The transcripts are replete with police codes that indicate various actions, but notably absent is any code for a fatal shooting, shots fired, or ambulance needed.
After EMS is sent, Officer 25 says “Get us several more units over here. There’s gonna be a problem.” Again, no mention of a shooting and no mention of the need for an ambulance. Additionally, no clear reference to the earlier call involving the threatening man or the suffocating baby can be found. A few references to the parking tickets can be found.
More police units begin to arrive from other precincts, and one officer radios: “We just need crowd control.” Again, no mention of a shooting or the need for an ambulance.
At one point, an officer identified as Victor 91 tells dispatch that s/he is switching to the “city channel,” and the dispatcher then clears the switch. It’s unclear if further transmissions related to Michael Brown’s death were discussed on the city channel. The police have been asked to provide clarification.
An exchange between two officers soon takes place in which one officer, possibly Frank 25, observes someone or something “laying in the roadway [unintelligible] on Canfield” Avenue. Another officer, possibly Frank 23, responds, saying: “Yeah, I see him.

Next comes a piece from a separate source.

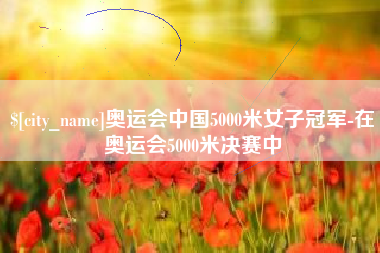 祁东奥运会中国5000米女子冠军-在奥运会5000米决赛中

He’s just havin’ a… little bit hysterical.”
It’s unclear who this “hysterical” person is and if the object in the roadway is Michael Brown’s body.
In between discussing the parking tickets and handling the situation on Canfield Avenue, where it appears the shooting already happened, the dispatch puts out another call: “Shop n’ Save advised there’s a female in the restroom. She’s been in there for 45 minutes. They’d like her removed.”
There’s no mention of the possible health or welfare of this person, simply that the store wants this person “removed.”
The public safety department has been asked to clarify its procedures for radio transmissions in the event an officer fires his or her weapon and a person is severely wounded. It has also been asked to clarify its triage procedures for prioritizing emergency calls.